Has another school year already come and gone?
I quickly page through my planner only to find my potential fear has been confirmed — the summer lull is finally here.
For the first time in 10 months, I’m not cruising around on autopilot. My planner isn’t bursting with sticky notes, schedules and coaches’ and athletes’ phone numbers.
Over the next two months, there won’t be any rivalry games, district tournaments or road trips across the state.
And I’m not quite sure how I feel about that. It’s a strange feeling not knowing what I’ll be covering three weeks from now.
Sure, I enjoy the break. It’s nice to take a step back and recuperate from the hectic grind of the prep seasons.
But, for the most part, summer is when the hard work really begins.
Another reporter asked me the other day how I find athletes now that the school year is officially over.
I thought about it for a second, chuckled to myself and realized it’s all about being creative.
Summer is the one time of the year when I actually have the time to think outside the box or to begin to tackle those in-depth stories I’ve been meaning to start.

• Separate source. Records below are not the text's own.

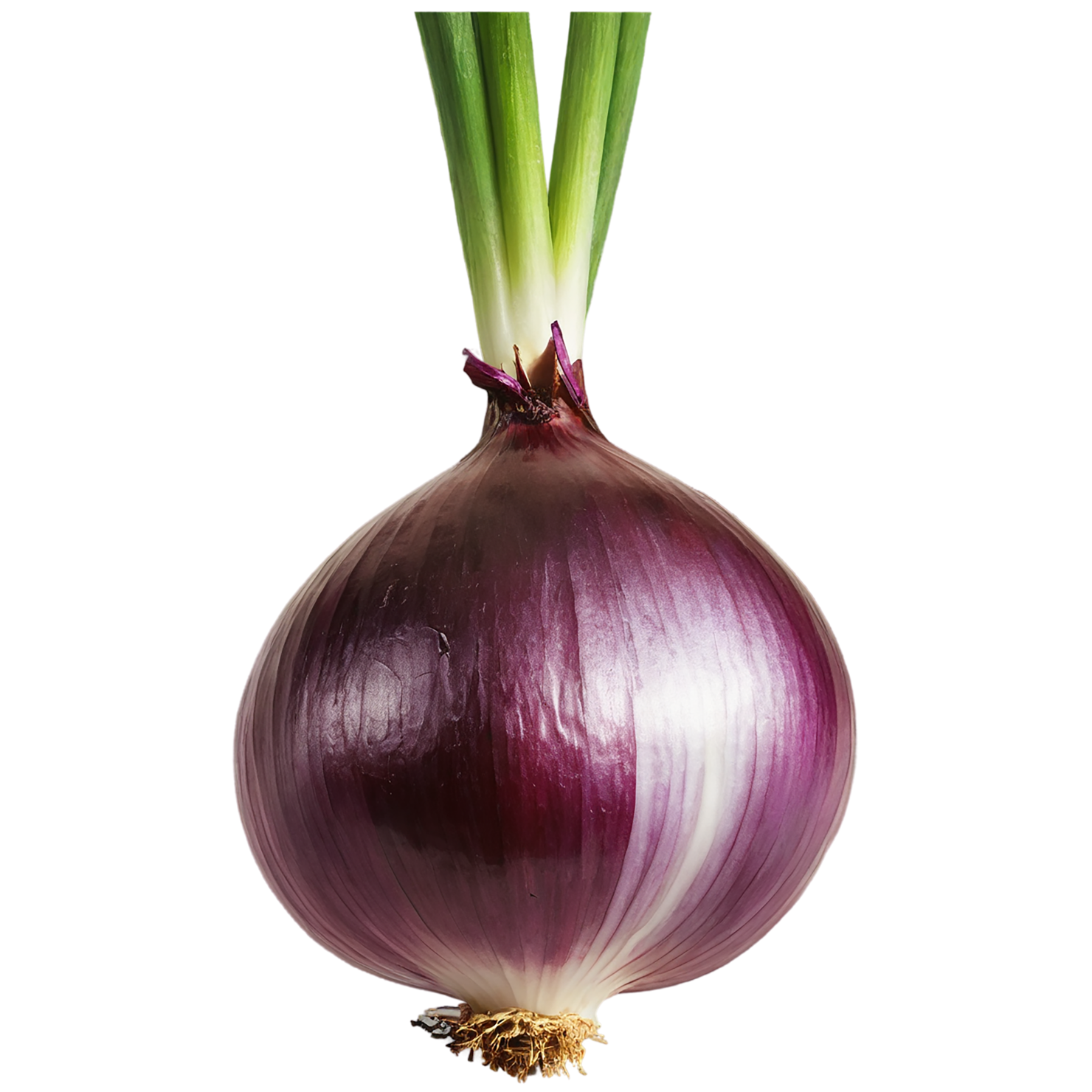 Onion vegetables isolated on transparent background #11777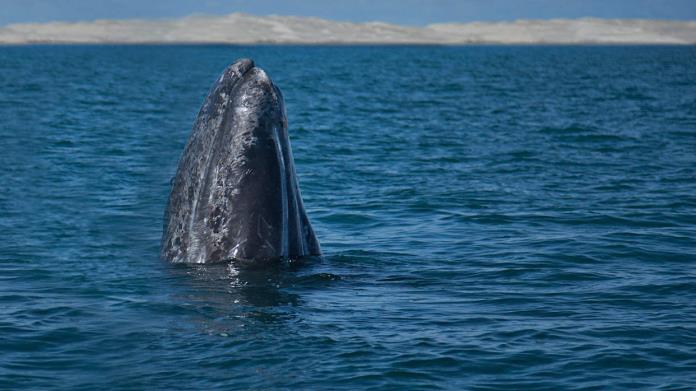 ¿Habrá avistamiento de ballenas esta Semana Santa? Estas son 6 cosas que necesitas saber de su llegada a las costas mexicanas ¿Habrá avistamiento de ballenas esta Semana Santa? Estas son 6 cosas que necesitas saber de su llegada a las costas mexicanas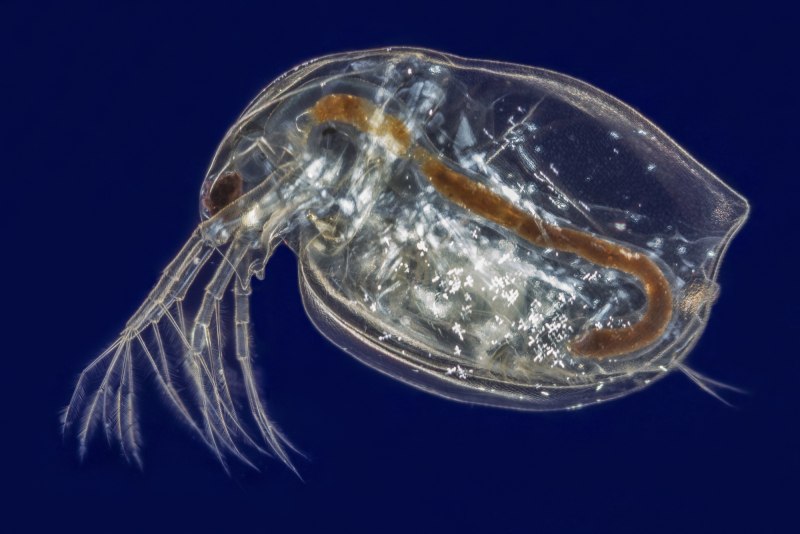 Дафнии Daphnia Magna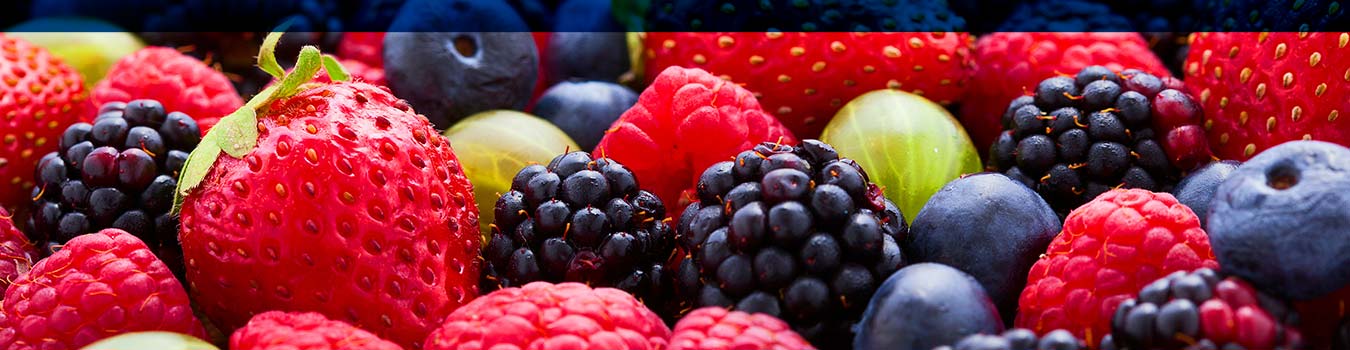 alimentos y bebidas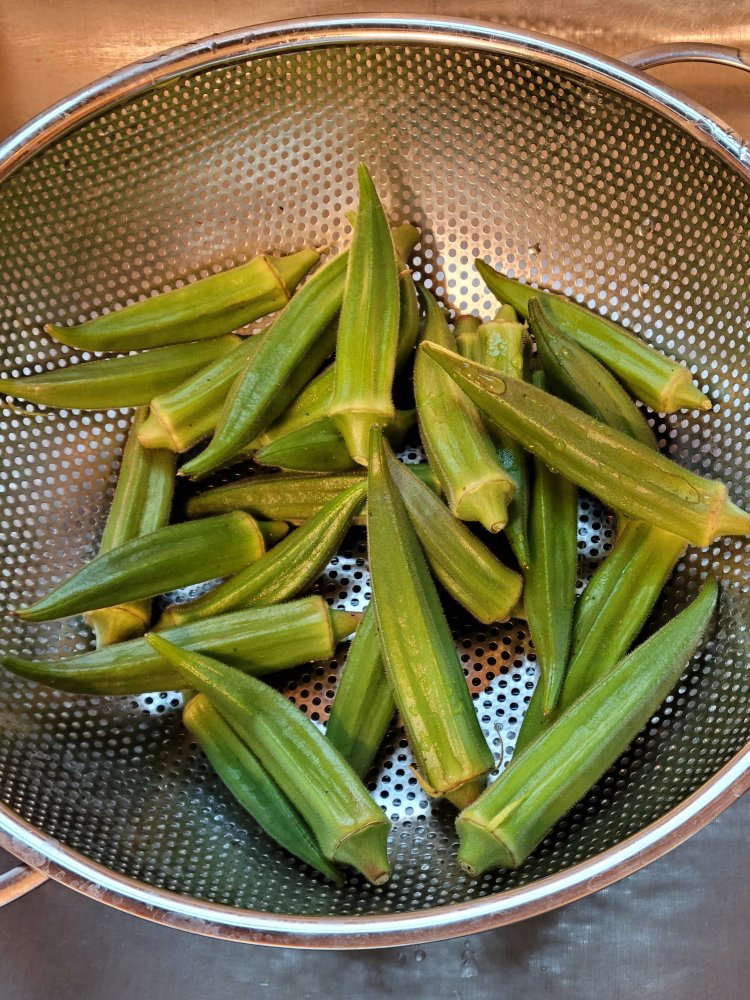 20230918_073044.jpg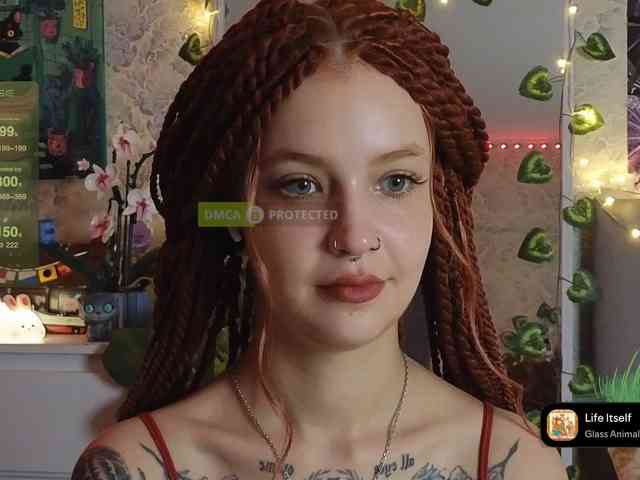 LisLy webcam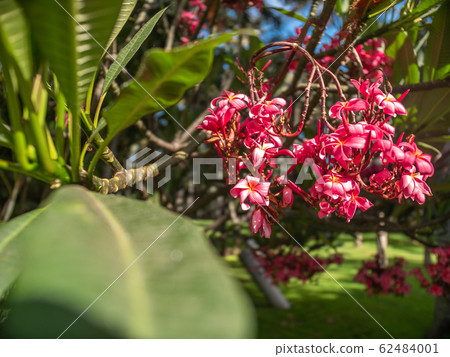 Macro image of beautiful pink and red flowers growing on tropical tree at rainforest Macro image of beautiful pink and red flowers growing on tropical tree at rainforest 62484001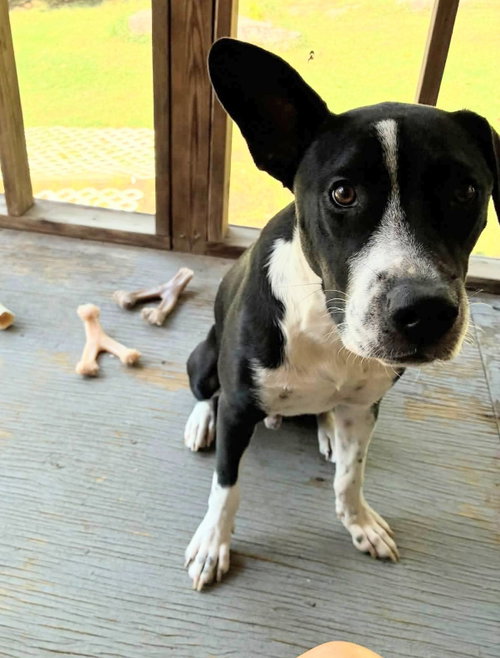 Horace (Bessie Litter), a dog for adoption from Pawfect Match Rescue
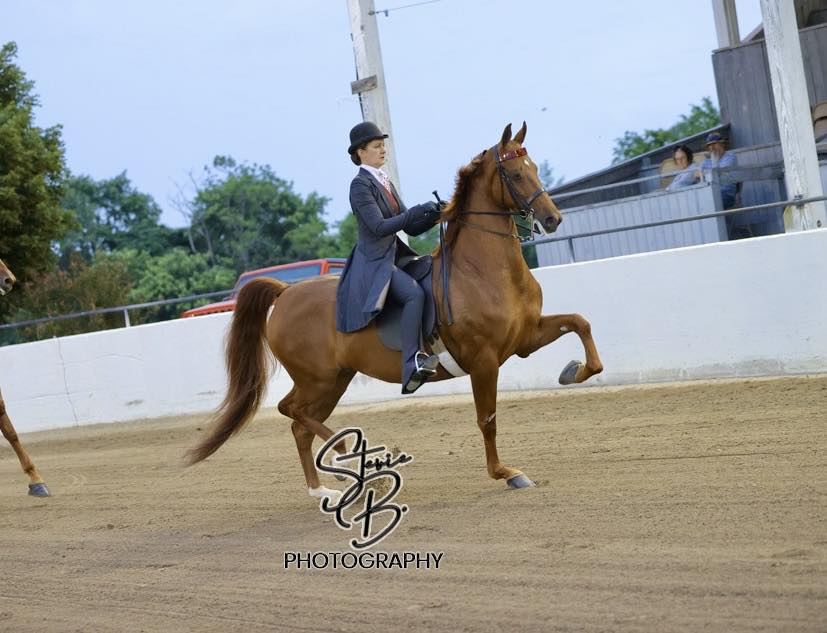 Sunrise's Strawberry Fields with Jenny McGowan- Select Series Show Pleasure winner.jpg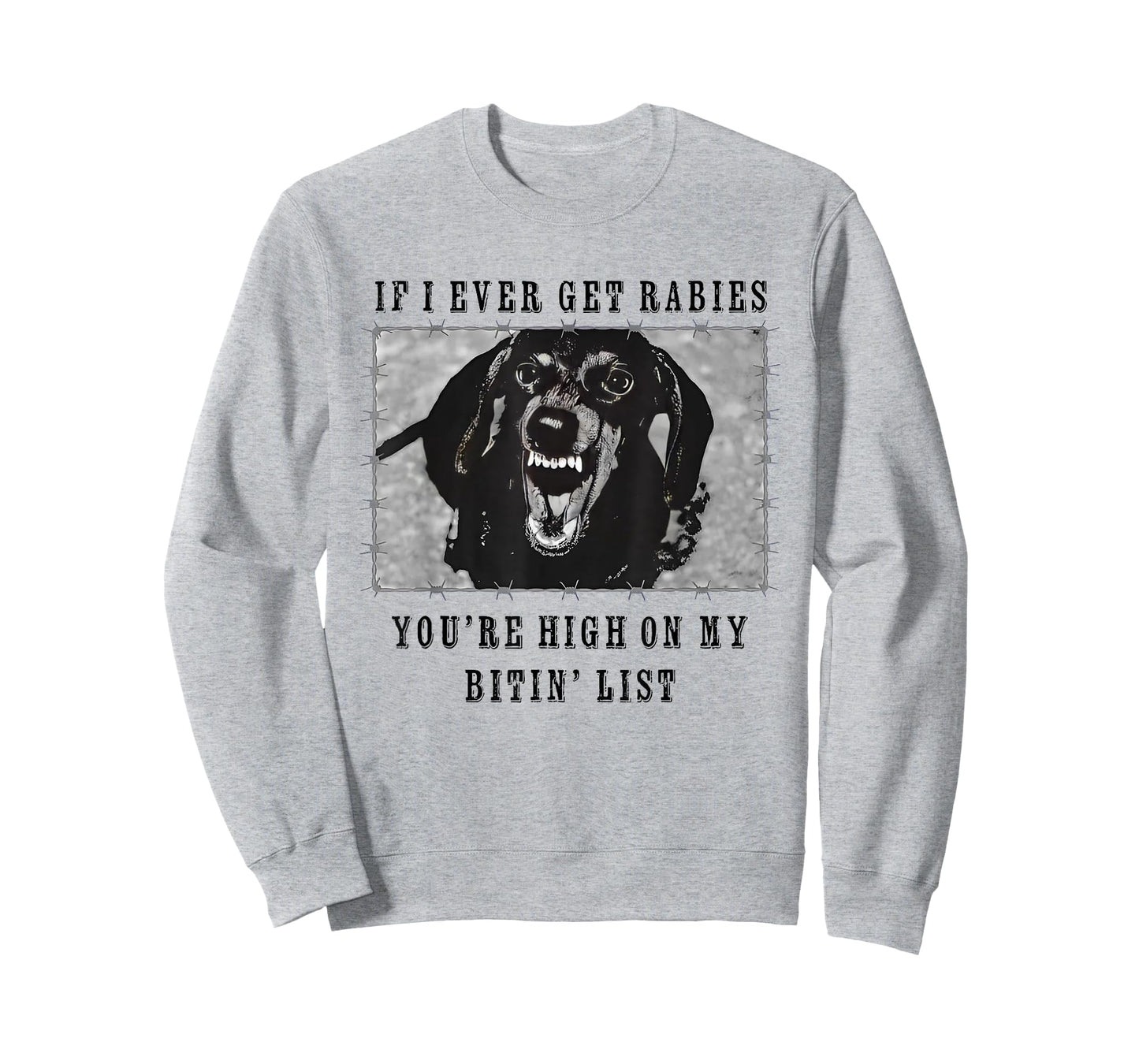 If I Ever Get Rabies, You're High On My Bitin' List Dachsund T-Shirt
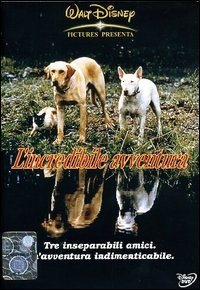 La locandina di L'incredibile avventura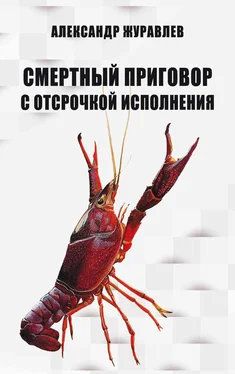 Александр Журавлев Смертный приговор с отсрочкой исполнения обложка книги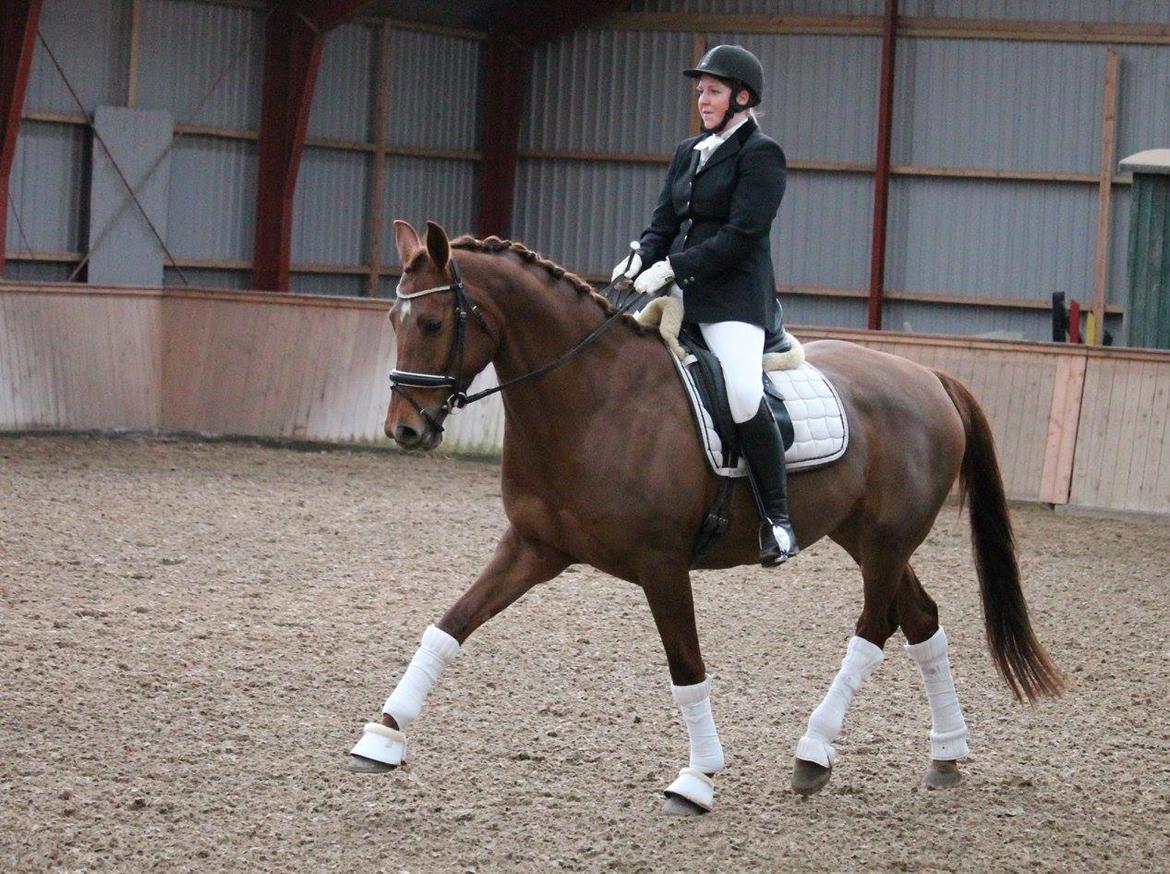 Tysk Oldenburger First Romance Bastbjerg billede 29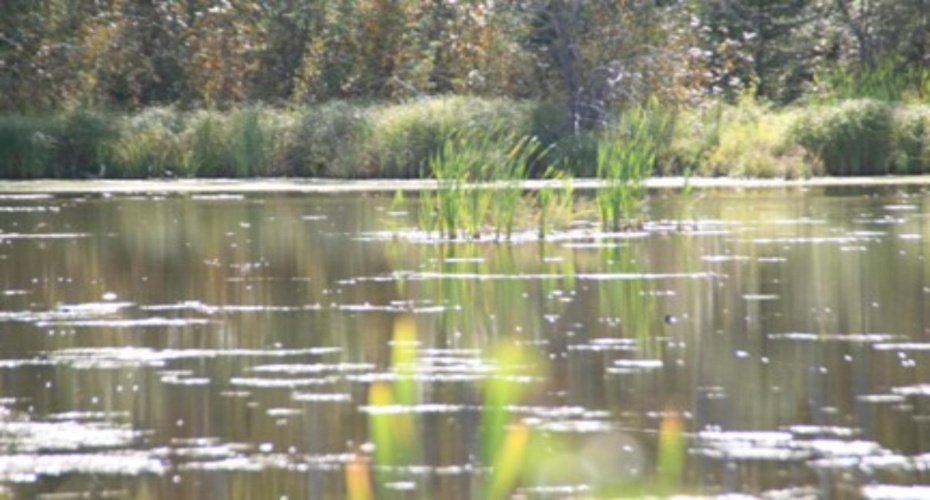 9660 88 Street, High Level, Alberta T0H 1Z0, ,Land,For Sale,88,A1157627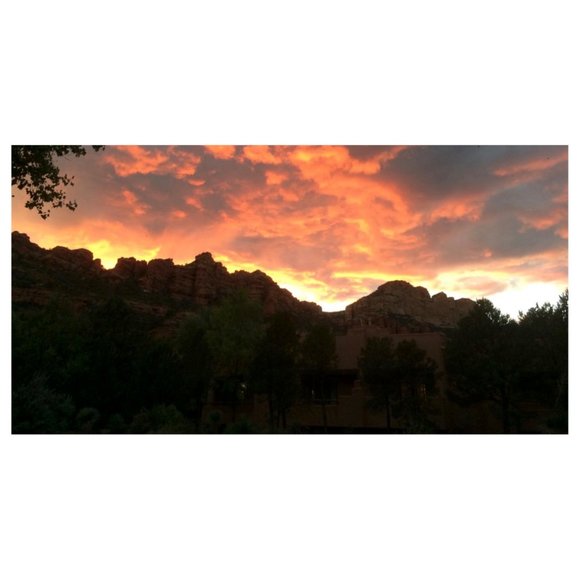 Meet your Posher, StylishDaisy - Picture 4 of 5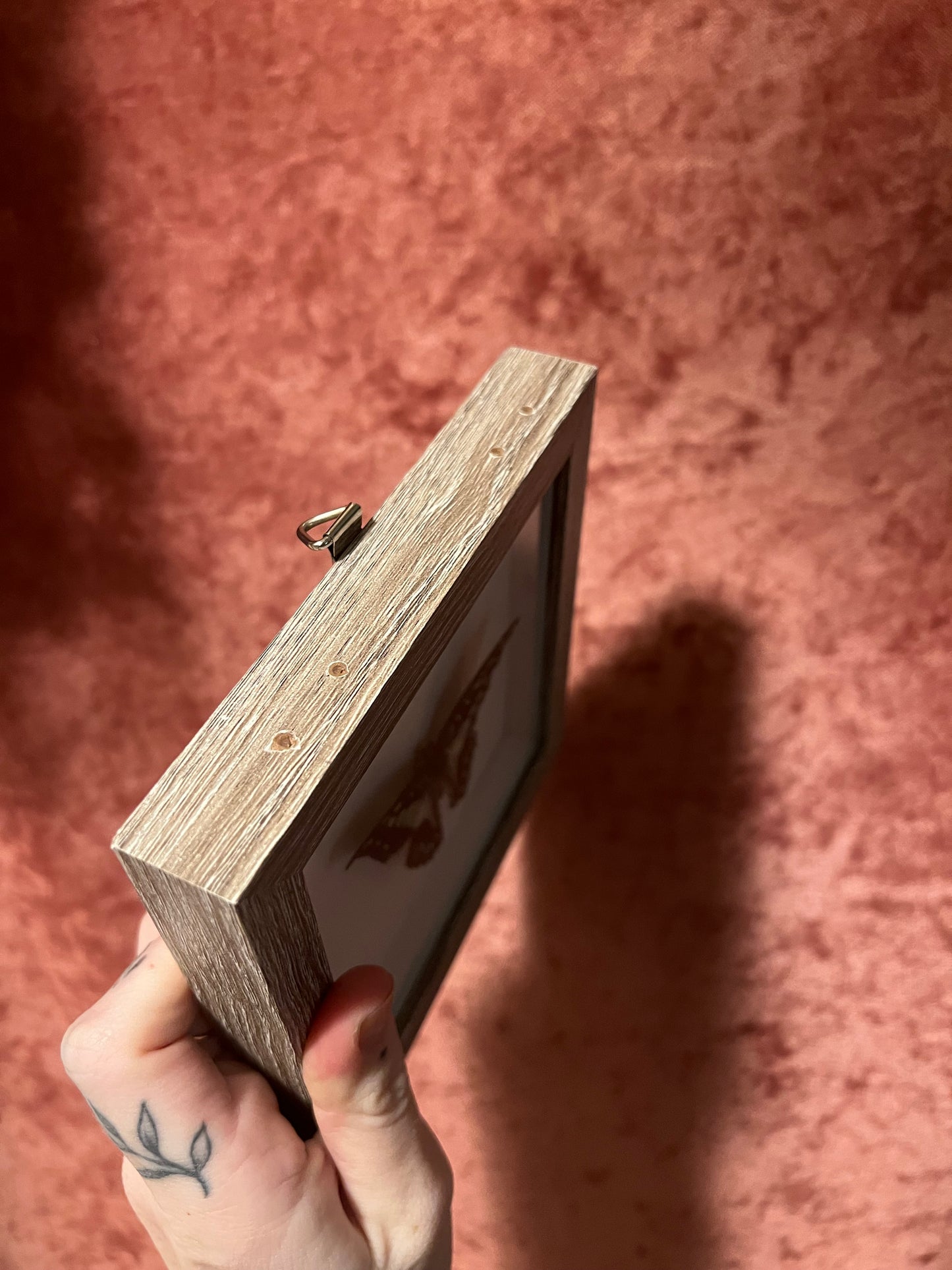 Blue Jay Butterfly 5x5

It’s a chance for me to go out to the youth baseball and soccer fields and actually just sit and watch what’s going on, both on and off of the field, without having to focus solely on taking notes, keeping score or capturing the play of the game.
Of course there are those games and tournaments, such as the Little League All-Star tournaments, which are already set in stone and provide some sense of stability and certainty into my daily routine — well, unless a summer thunderstorm rolls through — and then all bets are off.
Summer — it’s a change of pace. A welcome one, but a change of pace, nonetheless.